舞台が進行するにつれて、事件の全容が明らかになっていくサスペンス的要素もあり、飽きさせずに見せる演出の手腕が見事だった。とはいえ、たしかに、山崎さんがアフトクで指摘しているように、この内容だと、抽象的な演出の手法を使うことが果たして正解だったか…というとなかなか難しい。
(シアタートップスという「袖のない劇場」を使ったために、このような演出にする必要が生まれたのかなと思うが、装置を増やす、という意味でなく、椅子を重ねたりばらけたりみたいな抽象表現を排して、シンプルに台詞劇として見せた方がよい内容の芝居だったとも思う。)


観劇後、それぞれの登場人物について、深く考え続けてしまった。
田代家のだんなさん、すごくやさしい人なのかなと思わせておいて、実はひどい人なんだなーとか。もし、倒れたのが自分の息子だったら、彼は、放置して逃げるような人ではない。キャッチボールするほど、大河くんを可愛がっておきながら、結局のところ、1ミリも愛してはいなかったんだな…と思うと切ない。

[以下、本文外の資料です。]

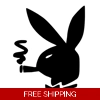 Smoking Playboy Bunny D.. Smoking Playboy Bunny D..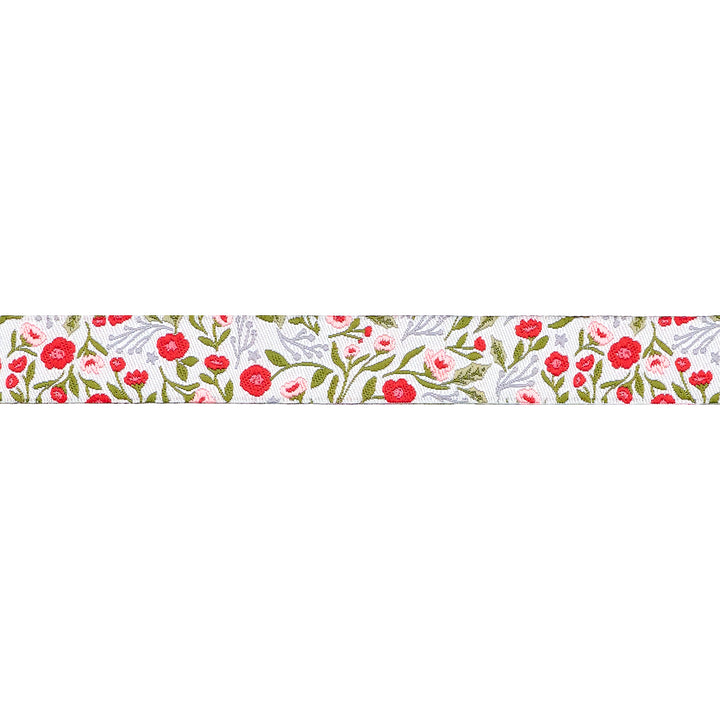 Berry and Pine - Christmas Posies in Winter - 5/8" width - by Lella Boutique - One Yard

大河くんの父親は、大河くんを愛していたのに、「自分を捨てた嫁に似ている」からネグレクトしてしまう。葬儀のあとに刑事が訪ねて行った時、比較的冷静だったのは、悲しみの中に少しだけ、息子の顔を見なくていい…というホッとした思いがあったからかもしれない。
その命が、理不尽に奪われたと知った時、彼が感じた怒り=息子への愛を思い出したと思いたいけれど、あのまま大河くんが生きていたら、彼自身が息子を死なせてしまったかもしれない。
そして、子供が欲しい春日井の妻に対して協力的でない春日井は、突然蒸発した父親というトラウマを抱えていた。事件が解決した後、冒頭の春日井夫婦の物語に収束するが、ラストの春日井の台詞「里実と話したい、これからのこと」、実は私も、離婚切り出し[exclamation&question]って思ったんです。同じ感想を山崎さんが話してて、あれ、そういうこともあり[exclamation&question]となった。
里実さん、夫にべた惚れなのに…[あせあせ(飛び散る汗)]


ちょっとやばいお父さん役の納谷くん、今回も心に残るお芝居を見せてくれた。ブチ切れるとこがツボです。
異儀田さんの芝居もほんと好き。ゆうひさんと共演した方々、その後ファンになってしまうことが多いので、年々、観劇数が増えてしまいますね。